Por Justo J. Watson.-

El saber popular dicta que la democracia representativa y el Estado que la sustenta son el Fin de la Historia en lo que a organización social se refiere.

Y que de dicho supuesto se infiere la inclusión de “todos” organizados y copropietarios de lo público (Estado), garantizando mediante el voto individual nuestro propio “autogobierno” (democracia representativa). Un modelo social superador del de las viejas monarquías absolutistas donde un rey hereditario era literalmente propietario del reino que estuviese bajo el dominio de sus armas, brindando a sus súbditos protección y justicia.

Dentro de este marco de saberes inculcados por la educación oficial desde la más tierna infancia, la evolución supuesta en este cambio de paradigma (de rey a presidente y de súbdito a ciudadano) no es algo que merezca duda.

Sin embargo, dado que el libre cuestionamiento intelectual es algo propio de personas inteligentes (quien esto lee, por caso), nos permitiremos presentar a modo de estimulante mental, una campana diferente.

En el caso de la primitiva monarquía absoluta sucedía que el capital tierra “arrendado” a terceros a cambio de cierta parte convenida de su producto, era propiedad de la familia real o feudal. Así las cosas, era de primordial interés para el soberano el conservar y acrecentar dicho capital con vista al éxito financiero, prestigio y sobre todo continuidad de su dinastía con el beneplácito de sus súbditos, sin cuya relativa anuencia le sería muy difícil sostenerse en el tiempo.

Por tal motivo, los impuestos (modo obvio de aumentar el gasto corriente de su corte) eran usualmente bajos ya que su resta de la renta privada de los habitantes implicaba una menor tasa de capitalización popular y por ende una erosión al capital productivo del que él era, en última instancia, dueño interesado.

Lo mismo corría para con el exceso regulatorio o la justicia amañada, suma de ineficiencias que redundarían al final del día en su propio quebranto económico y ético. En el de “su” reino frente a otros. Dos cuestiones en las que su mejor “virtud” impactaba de modo proporcional tanto en el ánimo colaborativo y prosperidad de su pueblo como en la riqueza a largo plazo de su Casa.

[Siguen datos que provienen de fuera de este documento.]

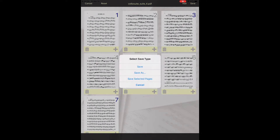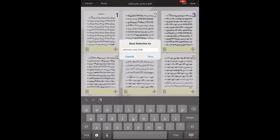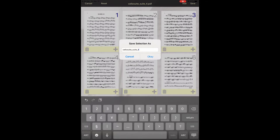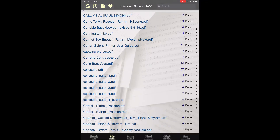Select save selection and enter the file name that you desire. We'll just add odd to distinguish it from the file that we opened. Select okay to save. And the new document appears in the list of available scores.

Los estímulos corren en otra dirección en el caso de la democracia representativa y su moderno Estado territorial con sus (¡también!) monopolios de seguridad y justicia.

Los funcionarios democráticos tienen acceso a la “renta fiscal” pero no al capital productivo, el que se encuentra repartido entre los ciudadanos. Por lo tanto carecen del incentivo hacia preferencias temporales de largo plazo para conservarlo y acrecentarlo y tienen claro que su autoridad caducará en pocos años con lo que su “momento” siempre será “ahora” tanto para quedarse con algo como para visibilizar su accionar frente a los clientes-votantes.

Tenderán pues a aumentar impuestos y regulaciones a minorías subjetivamente seleccionadas, tanto como a amañar la justicia para mejor disponer para sí y para su parcialidad de gratificaciones inmediatas. Y estarán inclinados, naturalmente, a hacer crecer el gasto de la “corte” del gobierno aumentando su tamaño y atribuciones (v.gr. el poder político) para congraciarse con socios, amigos y parientes haciéndolos vivir, como ellos, del Estado. La maximización de la propiedad privada y riqueza nacional futura de la ciudadanía de a pie (v.gr. el poder social), como es comprensible, no será su prioridad.

Bajo esta óptica, no se ve en el análisis tendencial ventaja evolutiva real de un sistema al otro sino más bien todo lo contrario.

Los absolutismos practicados en reinos, principados y ducados hereditarios o ciudades Estado de Europa (de los que sobreviven algunas pequeñas pero muy exitosas excepciones) cayeron en desuso en su momento por circunstancias históricas que no es del caso enumerar, mas no por falta de eficiencia económica estructural, modus racional “de base” del que mucho podría aprenderse.

De más está decir que las grandes monarquías europeas actuales no son asimilables a aquellas sino al sub grupo parlamentario de las democracias representativas.

El aprendizaje del caso no implica, desde luego, un retorno a los monarcas sino el apalancamiento del avance de la élite intelectual honesta hacia un más inteligente norte evolutivo de nuestra especie… y de nuestra Argentina.

Lo que hoy sí se sabe con certeza merced a la comprobación empírica y al aporte académico del liberalismo radical es que el desarrollo real, sin relatos voluntaristas, puede darse con gran potencia en un sistema orientado a que todas las libertades teóricas enunciadas en nuestra Constitución (y algunas otras) tornen en letra viva conectándose sin trabas entre sí para sinergizar propiedad, recursos económicos, seguridad, transparencia y más oportunidades sociales en un marco de opciones civiles amplias. Incluyendo entre esas libertades, incluso, la posibilidad de secesión.